The Nearside of the Moon May Still Be Tectonically Active

Lunar wrinkle ridges

Lunar wrinkle ridges, as photographed by the Apollo 15 mission. Credit: NASA.

While the Moon is often considered to have been tectonically dead for billions of years, new results from researchers at the University of Bern and Brown University have found evidence for recent tectonic activity that is not connected to any known sources of deformation. These “active nearside tectonic systems,” while young, may actually be the reactivation of one of the Moon’s most ancient and influential events.

The results, published in Geology, focused on a classical example of lunar geology:  wrinkle ridges, formed as the basaltic crust of a lunar maria is forced together due to contraction. These ridges are a common occurrence in the maria, which were formed by multiple thin flows of basalt. In particular, they have been observed to form in response to the formation of “mascons,” areas where the lunar crust has been heavily loaded in response to impact processes. Most of these features were expected to have formed in the distant past.

The lunar surface is constantly bombarded by micrometeorites. These tiny impacts will slowly erode and round off the shape of any new, angular features. The appearance of blocky, angular boulders near tectonic features is thus a common way to indicate their youth. The authors used high-resolution Lunar Reconnaissance Orbiter images to identify numerous areas where these angular boulders were found on top of the wrinkle ridges themselves, showing that they formed in the recent geologic past.

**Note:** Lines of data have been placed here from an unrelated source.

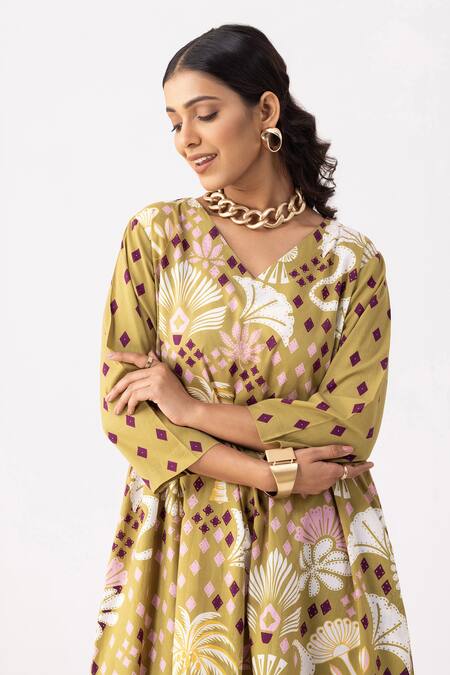 Thee Modern Roots Beige Cotton V-neck Desert Palm Printed Kurta Set at Aza Fashions Thee Modern Roots_Beige Cotton V-neck Desert Palm Printed Kurta Set _at_Aza_Fashions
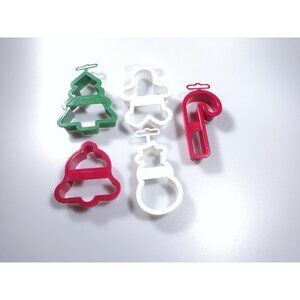 5 FoxRun Christmas Themed Plastic Cookie Cutters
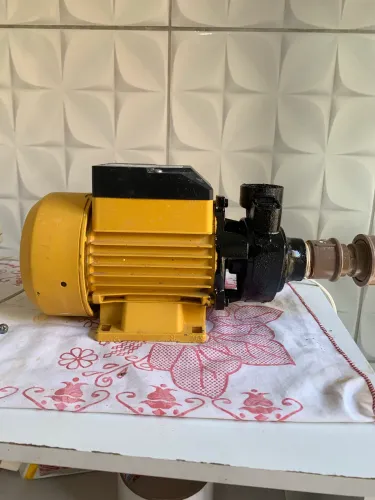 Bomba d?água Ferrari  ainda tá nova 130 reais *73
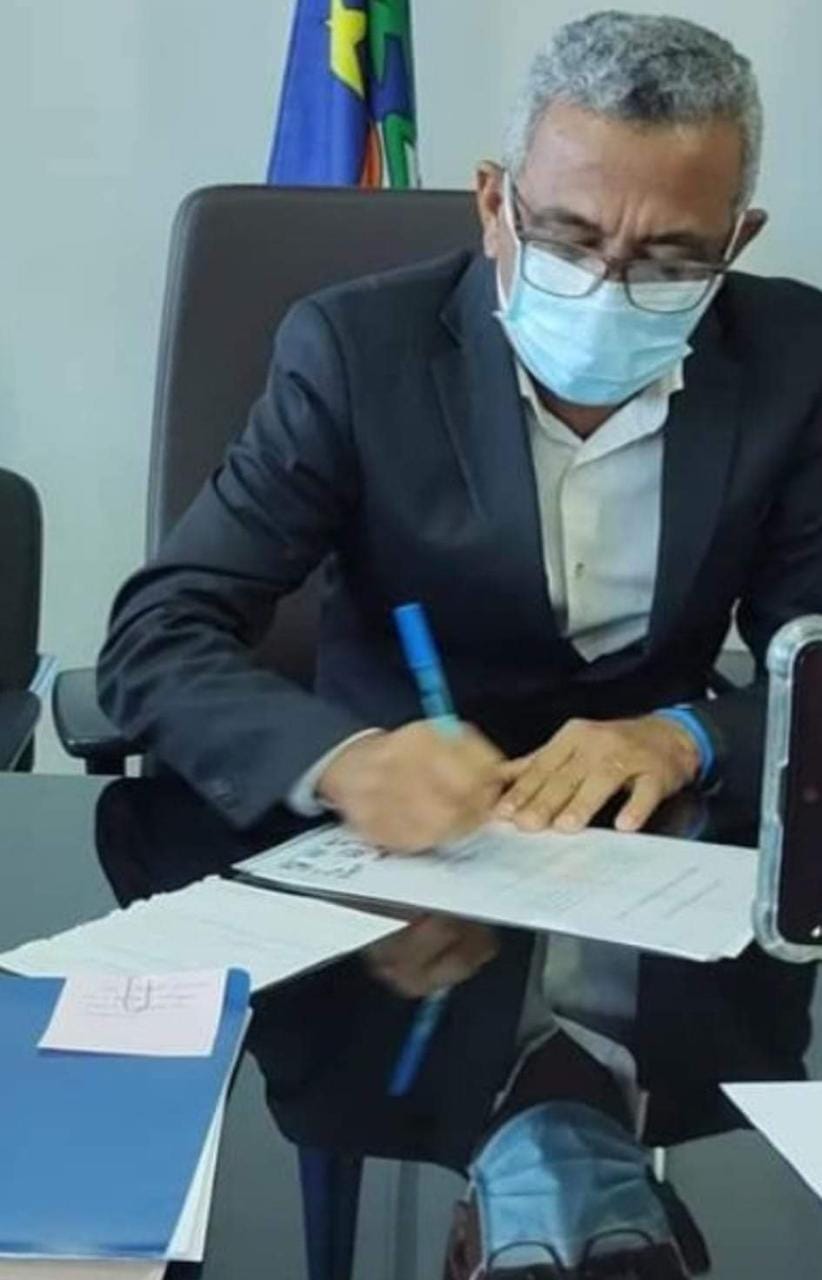 O prefeito irmão Aluízio cria auxílio financeiro para agremiações carnavalescas em Tracunhaém.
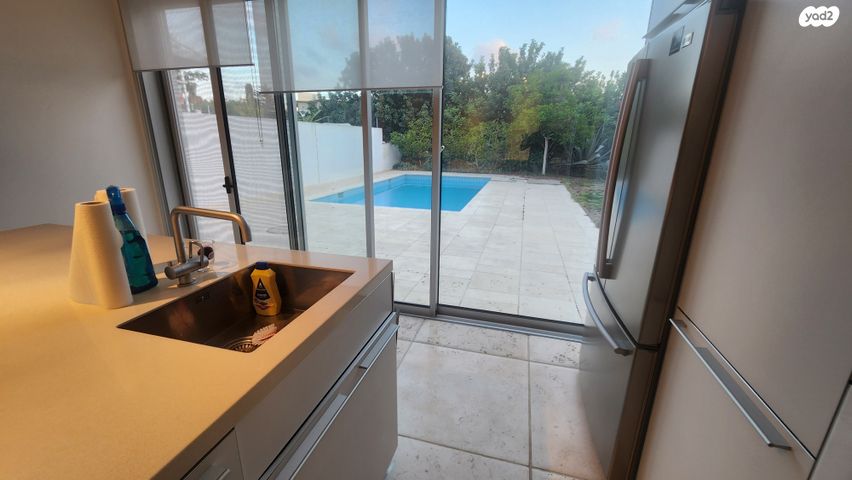 דו משפחתי, קיסריה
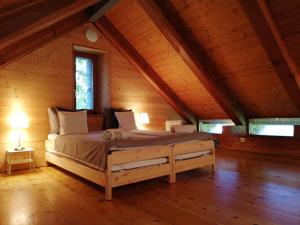 Postel nebo postele na pokoji v ubytování RUSTICO Orabino & SAUNA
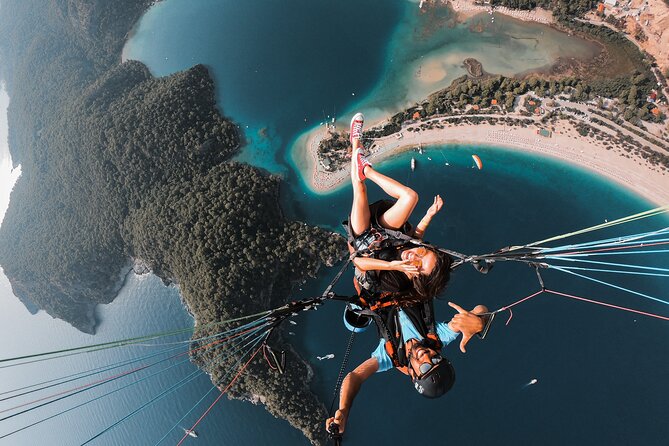 Tandem Paragliding Fethiye, Oludeniz - Taking off from Babadag above Ölüdeniz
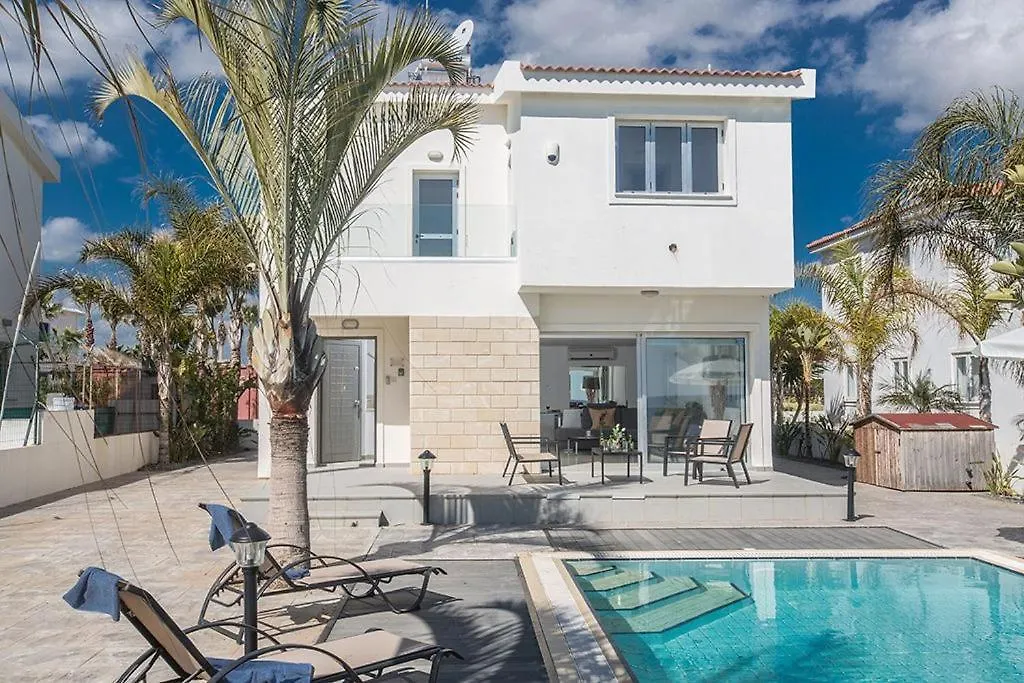Villa Adaman - Stunning 3 Bedroom Seafront Villa With Pool - Close To The Beach Ayia Napa Cipru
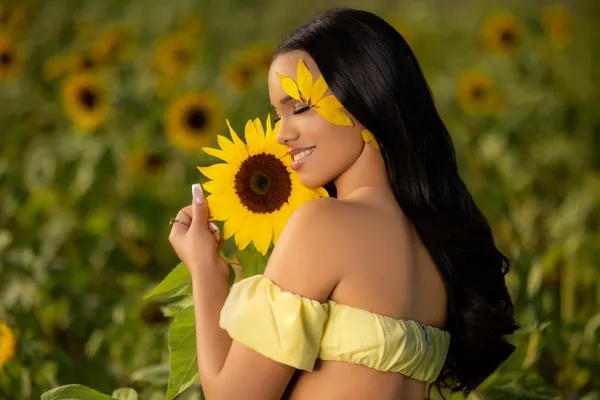 Quinceañera en campo de girasoles con vestido amarillo — sesión en Miami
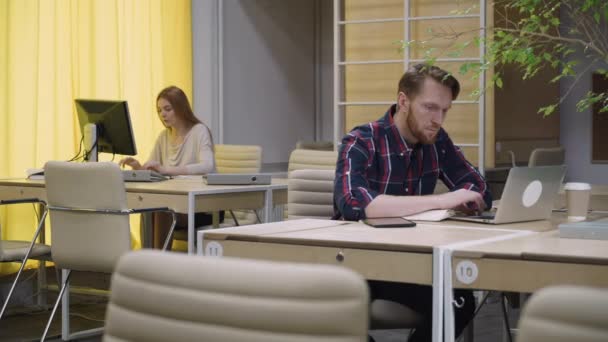 Homem e uma mulher no computador — Vídeo de Stock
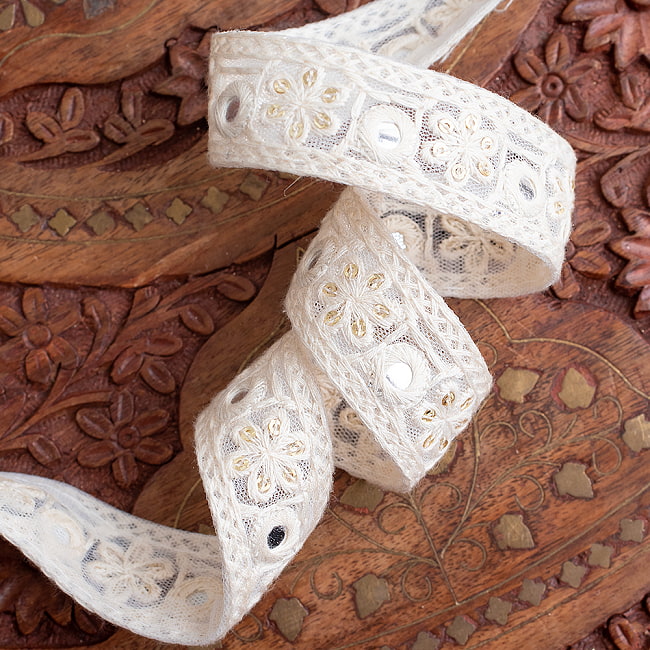 チロリアンテープ　メーター売 - 柔らかなコットンに金糸が美しい　　スパンコールとゴーダ刺繍〔幅:約2.5cm〕 - お花とミラー 4 - 別の角度から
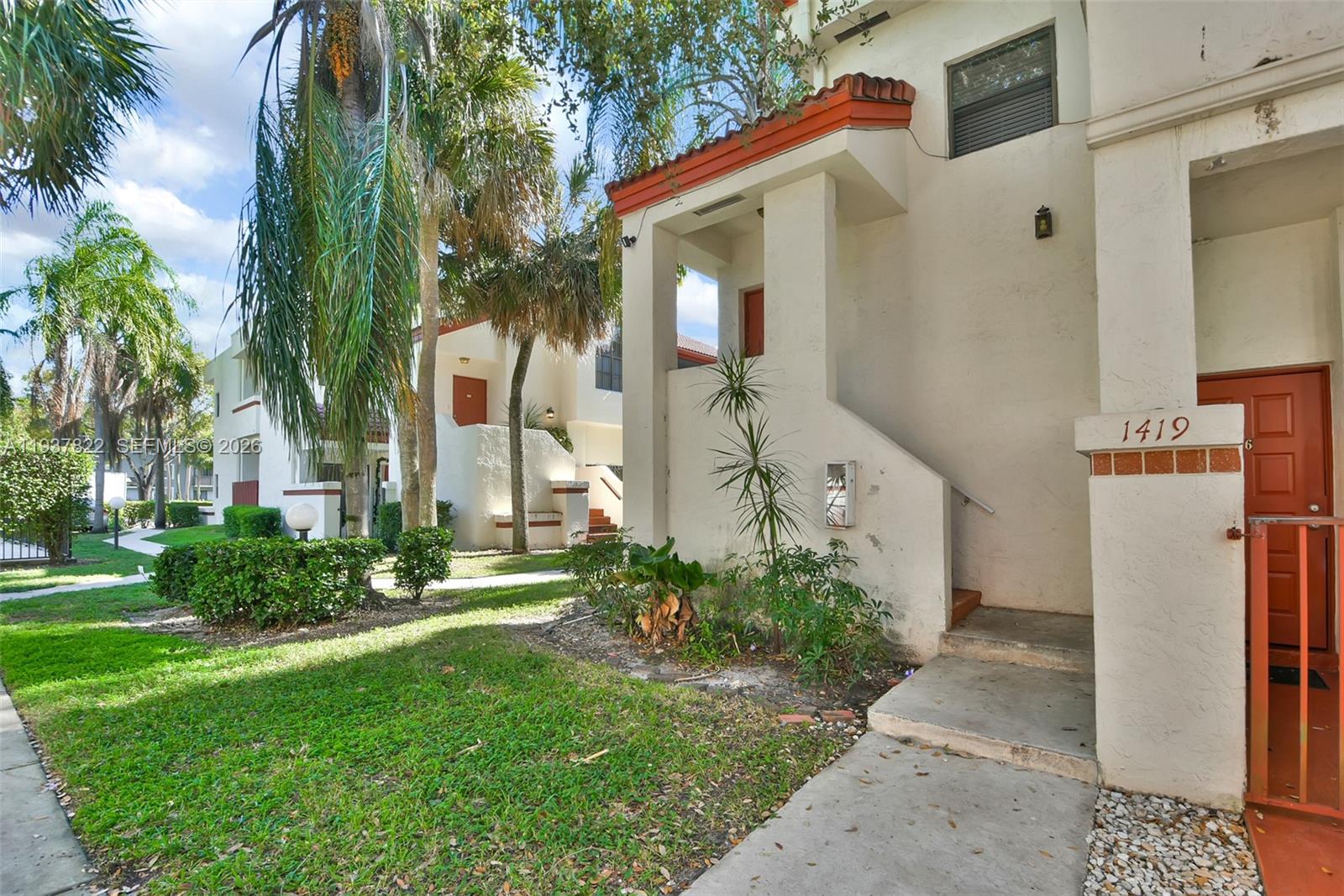 1419 Avon Ln #216, North Lauderdale FL 33068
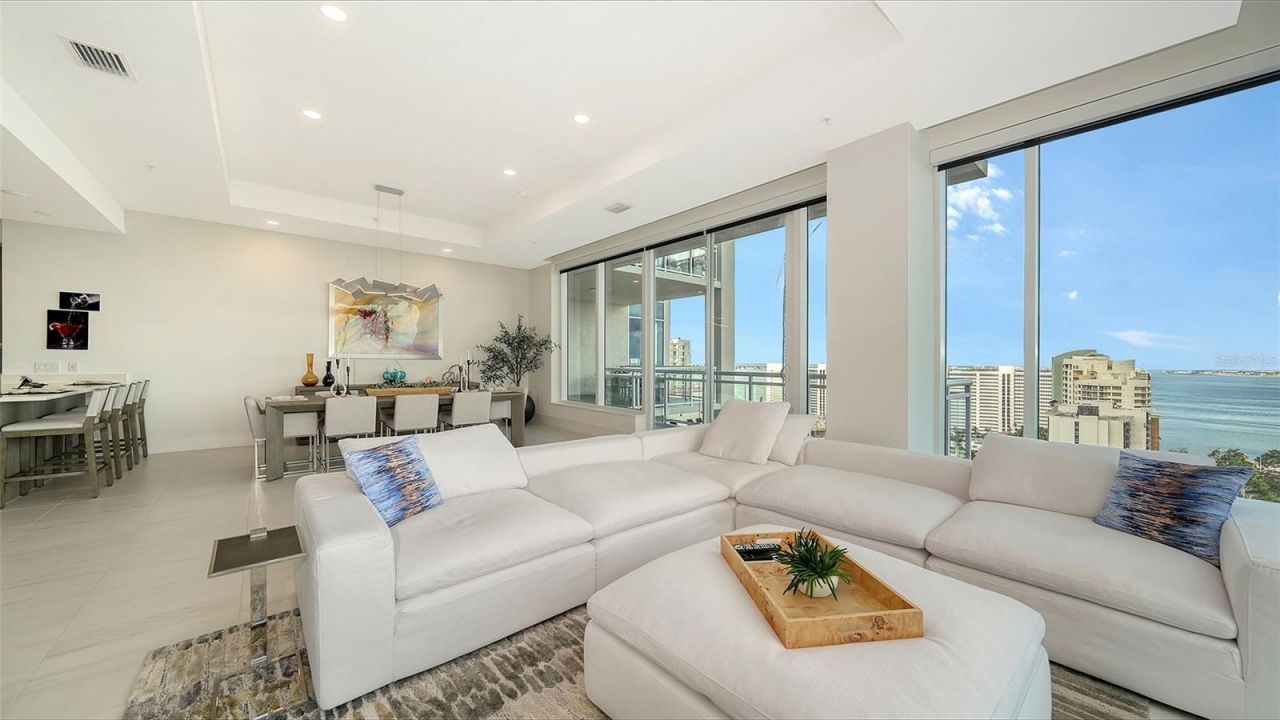 540 N Tamiami Trail, Unit 1702, Sarasota, FL 34236 Photo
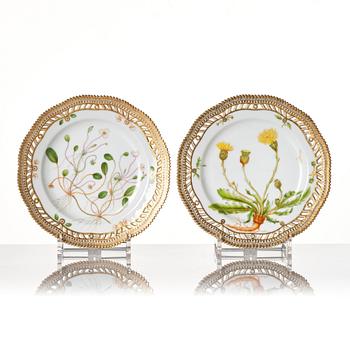 Desserttallrikar, 15 stycken, porslin. Royal Copenhagen, "Flora Danica", Danmark, omkring 1900 and 1900-tal.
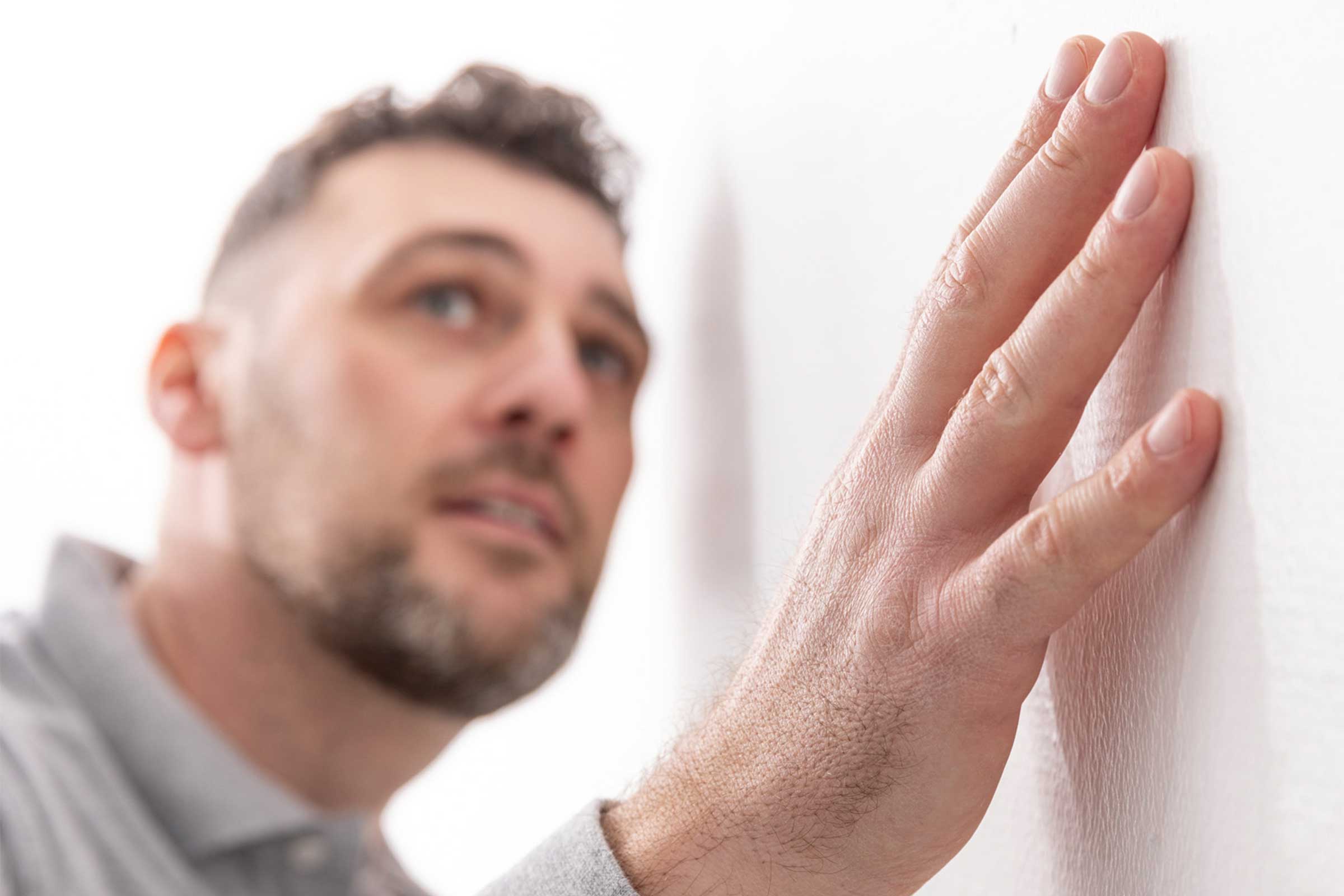 La pittura lavabile e opaca: un applicatore testa la pittura StoColor PuraClean sulla parete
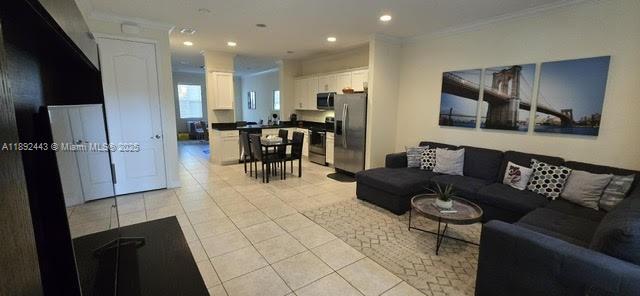 OAKTON PRESERVE - Residential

Four major explanations have been advanced for recent tectonic deformation of the Moon:  loading on mascons, despinning, global cooling and contraction, and daily tides. The authors were able to rule out all these forces as likely contributors to these new wrinkle ridges. Instead, it is more likely to be a reactivation of faults left by the formation of the South Pole-Aitken basin. This impact, which occurred 4.3 billion years ago, caused such immense transient stress as to fracture the crust on the opposite (antipodal) side that it formed. The expected stresses line up well with the distribution of these active nearside tectonic systems. Because these faults expose relatively fresh bedrock, the authors argue that they should be a key target for future lunar exploration to understand its geologic history.